IRM-based implementation for estimating CATE (per-observation orthogonal signals).

This module provides a function that, given a CausalData object, fits the internal IRM model and augments the data with a new column 'cate' that contains the orthogonal signals (an estimate of the conditional average treatment effect for each unit).

Functions
  • cate_esimand – Estimate per-observation CATEs using IRM and return a DataFrame with a new 'cate' column.
cate_esimand

Estimate per-observation CATEs using IRM and return a DataFrame with a new 'cate' column.

Parameters
  • data (CausalData) – A CausalData object with defined outcome (outcome), treatment (binary 0/1), and confounders.
  • ml_g (estimator) – ML learner for outcome regression g(D, X) = E[Y | D, X] supporting fit/predict. Defaults to CatBoostRegressor if None.
  • ml_m (classifier) – ML learner for propensity m(X) = P[D=1 | X] supporting fit/predict_proba. Defaults to CatBoostClassifier if None.
  • n_folds (int) – Number of folds for cross-fitting.
  • n_rep (int) – Number of repetitions for sample splitting.
  • use_blp (bool) – If True, and X_new is provided, fits a BLP on the orthogonal signal and predicts CATE for X_new. If False (default), uses the in-sample orthogonal signal and appends to data.
  • X_new (DataFrame) – New covariate matrix for out-of-sample CATE prediction via best linear predictor. Must contain the same feature columns as the confounders in data_contracts.
Returns
  • DataFrame – If use_blp is False: returns a copy of data with a new column 'cate'. If use_blp is True and X_new is provided: returns a DataFrame with 'cate' column for X_new rows.
Raises
  • ValueError – If treatment is not binary 0/1 or required metadata is missing.
gate

Group Average Treatment Effect (GATE) inference methods for causalis.

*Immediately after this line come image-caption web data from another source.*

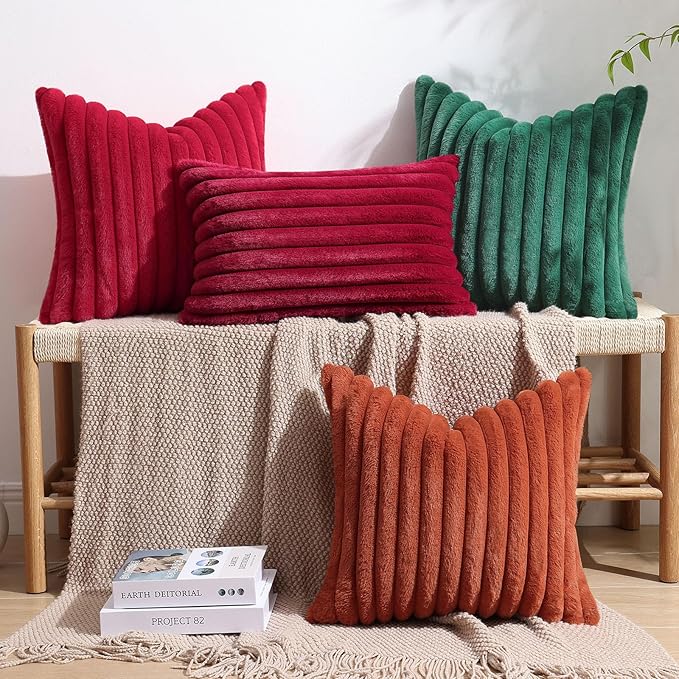 decorUhome Faux Fur Spring Throw Pillow Covers 18x18 Set of 2, Decorative Soft Plush Striped Neutral Couch Pillow Covers with Velvet Back for Sofa, Bed, Living Room Home, Red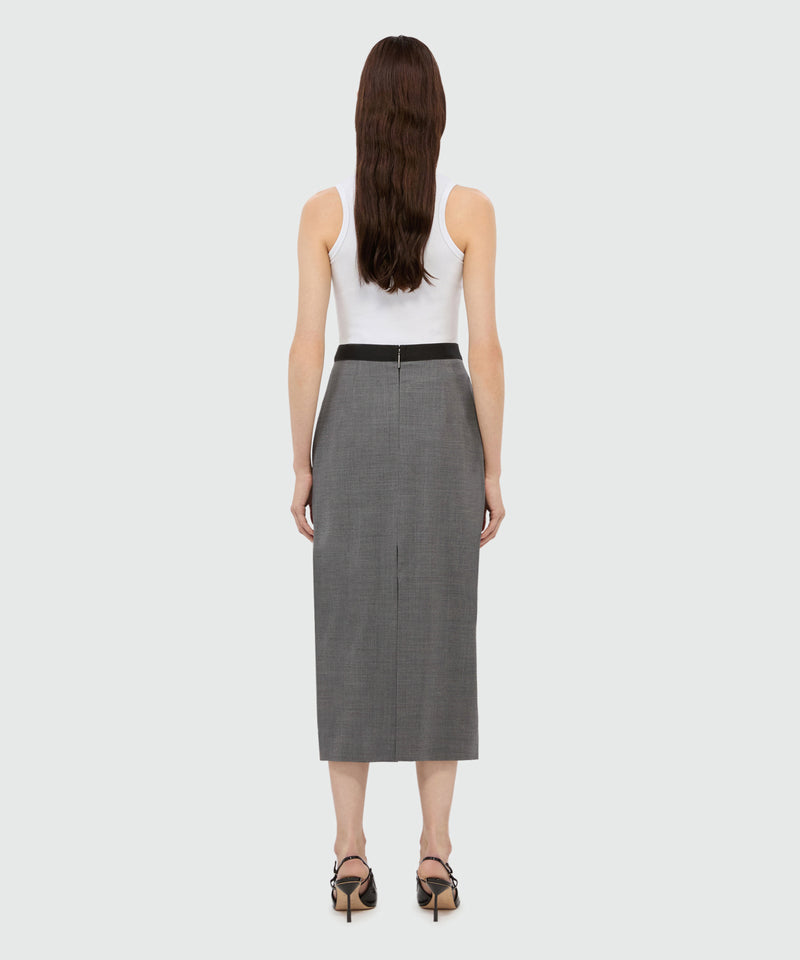 Gonna a tubino antracite in fresco lana con banda elastica MSGM 98 Donna 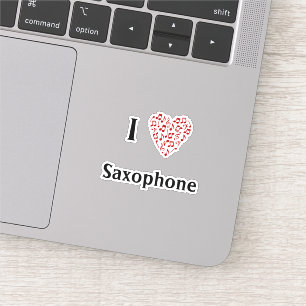 Sticker J'aime le Saxophone Cœur Rouge de Notes de Musique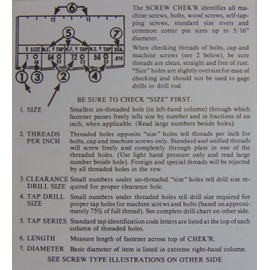 Ruelle Screw Chek'r SAE/Inch - Size Gauge No. 1-5/16 - 1/8" Heavy Gauge Steel - Made in USA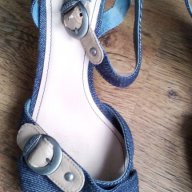 Esprit , летни сандали с ток ,дънкови обувки, снимка 2 - Сандали - 12491663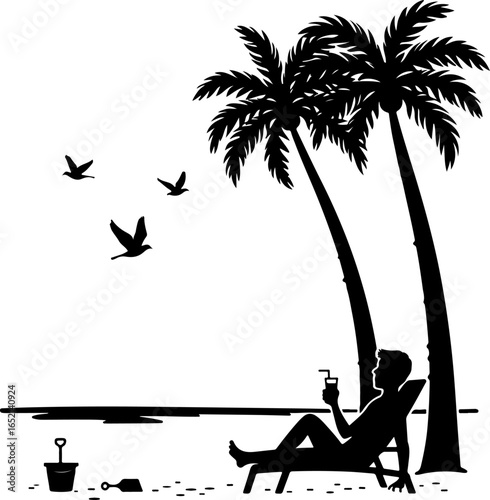 Tropical Beach Relaxation Under Palm Trees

This submodule provides methods for estimating group average treatment effects.

Modules
  • gate_esimand – Group Average Treatment Effect (GATE) estimation using local DML IRM and BLP.
gate_esimand

Group Average Treatment Effect (GATE) estimation using local DML IRM and BLP.

Functions
  • gate_esimand – Estimate Group Average Treatment Effects (GATEs).
gate_esimand

Estimate Group Average Treatment Effects (GATEs).

If groups is None, observations are grouped by quantiles of the plugin CATE proxy (g1_hat - g0_hat).